Esta decisão por si só foi o motivo de tantas críticas no Brasil e nos países em desenvolvimento, em geral, como foi corretamente observado que o DSB tem rejeitado constantemente os direitos dos países em desenvolvimento assegurados por outros tratados internacionais e que o sistema de resolução de disputas da OMC carece de autoridade legal para examinar o assunto de conflito de tratados. Neste sentido, um precedente infeliz para países em desenvolvimento foi instituído, imediatamente antes da disputa Brasil – Canadá, no caso apresentado pelos Estados Unidos da América (EUA) contra a Índia, em relação a restrições quantitativas para tecidos, agricultura e outros produtos, quando foi decidido que as exceções do FMI garantiam que aos países em desenvolvimento não se aplicariam o contexto da OMC.
Para tornar mais controversa a situação, o Brasil tem sido constantemente derrotado no sistema de resolução de disputas da OMC, perdendo previamente casos contra a União Européia no campo de produtos de leite bem como no de aves e contra os EUA no campo de programas automotivos. Consequentemente, não apenas a DSB, mas também a própria OMC têm sido sujeitos de críticas injuriosas, já que os países desenvolvidos venceram 90% dos casos contra os países em desenvolvimento, nos 5 anos da OMC e a competência do Ministério Brasileiro das Relações Exteriores, a quem cabe a responsabilidade a respeito de assuntos de comércio exterior, tem sido seriamente questionada.

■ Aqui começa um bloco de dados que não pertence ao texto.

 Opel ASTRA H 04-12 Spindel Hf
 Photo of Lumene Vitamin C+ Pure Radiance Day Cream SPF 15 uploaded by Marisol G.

Se o precedente não foi suficiente para incentivar a imprensa, o Canadá decidiu além de recusar as modificações introduzidas pelo Brasil em seu programa PROEX, submetendo este assunto mais uma vez à consideração do DSB, também decidiu retaliar contra o Brasil, de maneira incompatível com o regime legal multilateral. Esta retaliação veio sob a forma de subsídios adicionais inequívocos à Bombardier sempre que a EMBRAER fosse polo de uma oferta competitiva. Consequentemente, o Canadá fez o que provavelmente engatilhará uma disputa comercial com o Brasil e certamente arruinará as relações bilaterais por muitos anos; como parceiro encarregado das medidas fitosanitárias do Acordo de Livre Comércio da América do Norte (NAFTA), declarou ser arriscada a carne brasileira nos campos de BSE, doença da vaca louca, proibindo as importações da mesma, o que foi imediatamente seguido pelos EUA e México.
Os brasileiros estão muito orgulhosos da carne nacional . O país tem o maior pasto livre existente no mundo e nenhuma tradição de criação em estábulo, já que o clima e a imensidão de seu território contribuem com o padrão mais do que última prática mencionada. O Brasil não tem sequer um caso de BSE. Uma vez que a medida foi decretada pelo Canadá, aconteceu um alvoroço popular, e esta forte reação da sociedade civil incentivou o governo brasileiro a ir à luta. O Presidente brasileiro, Sr. Fernando H. Cardoso, anteriormente um professor universitário fluente em quatro idiomas, um homem de natureza extremamente conciliatória, declarou que poderia haver uma guerra comercial com o Canadá se as medidas não fossem revertidas em três semanas. Devemos aguardar e ver.
Advogado admitido no Brasil, Inglaterra e Gales e Portugal. Formou-se em direito pela PUC-SP em 1975. Árbitro do GATT (General Agreement on Tariffs and Trade) e da OMC (Organização Mundial do Comércio), e professor de direito do comércio internacional na pós-graduação da Universidade Cândido Mendes (RJ).